Relative advantage, compatibility, and trialability are significant predictors of organisational intention to use as well as the adoption of IT innovation, finds this study.
Sumedha Chauhan, Professor, Jindal Global Business School, O.P. Jindal Global University, Sonipat, Haryana, India.
Parul Gupta, Management Development Institute Gurgaon, India.
Sandeep Goyal, LM Thapar School of Management, Thapar Institute of Engineering and Technology, Dera Bassi, Punjab, India.
As innovative information technologies (IT) become increasingly available, there is a need to understand how these technologies diffuse in organisations. Several studies on IT innovation have investigated the relationship of key innovation attributes, namely relative advantage, compatibility, complexity, trialability, and observability with either ‘intention to use’ or ‘adoption’ in the organisations.
However, those studies have observed contradictory results regarding these relationships. Additionally, there is a lack of investigation on how contingencies of innovation type (IT service vs IT product) and country context (developing vs developed) influence these relationships.
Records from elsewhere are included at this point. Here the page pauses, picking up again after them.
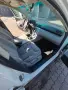 passat b6 2.0 140к.с 4х4, снимка 8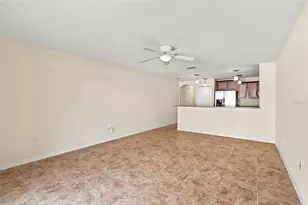 9726 Trumpet Vine Loop, Trinity, FL 34655 - Photo 32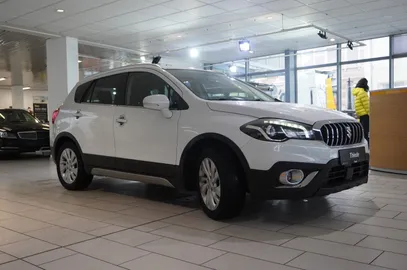 Car image 3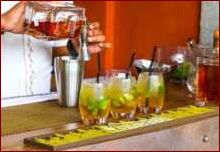 Bestem sukkerindholdet i sukkerrøret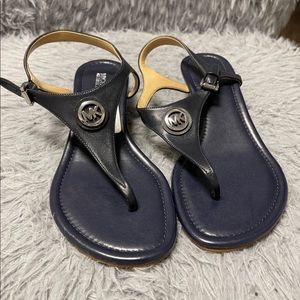 Michael Kors Sandals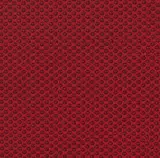 Akustik Wandabsorber Compose - rot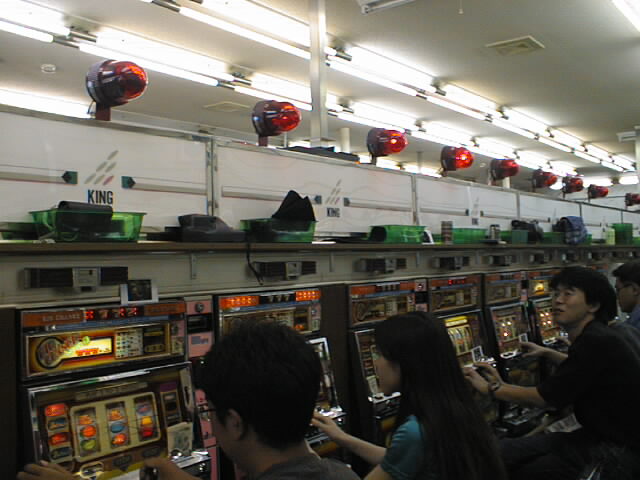 剣@昭和名旧会 tweet media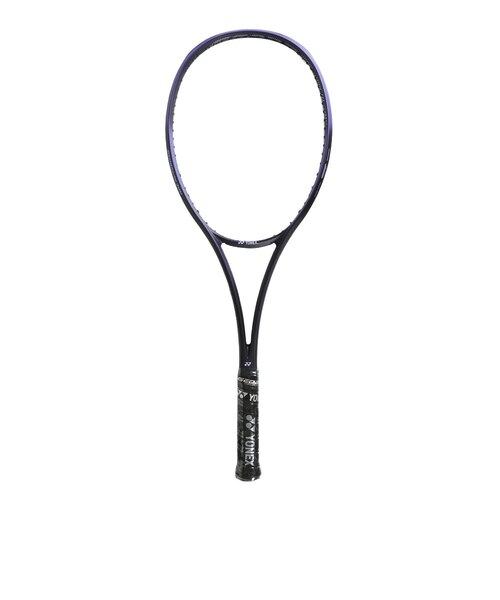 マッスル　即日出荷　新品未使用　YONEX　ジオブレイク７０V(751) ヨネックス（YONEX）ソフトテニスラケット ジオブレイク70V 前衛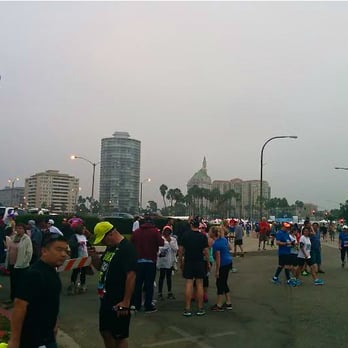 Long Beach Marathon and Half Marathon - Races & Competitions Near Me - Long Beach, California Long Beach Marathon and Half Marathon - Races & Competitions Near Me - Long Beach, California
Considering these gaps, the present research undertakes a meta-analysis of 86 studies published during 2001–2020 to examine how organisational ‘intention to use’ and ‘adoption’ of IT innovations are influenced by key innovation attributes.
We also examine how contingencies of innovation type and country context influence these relationships. Results contribute to the diffusion of innovations as well as information systems literature.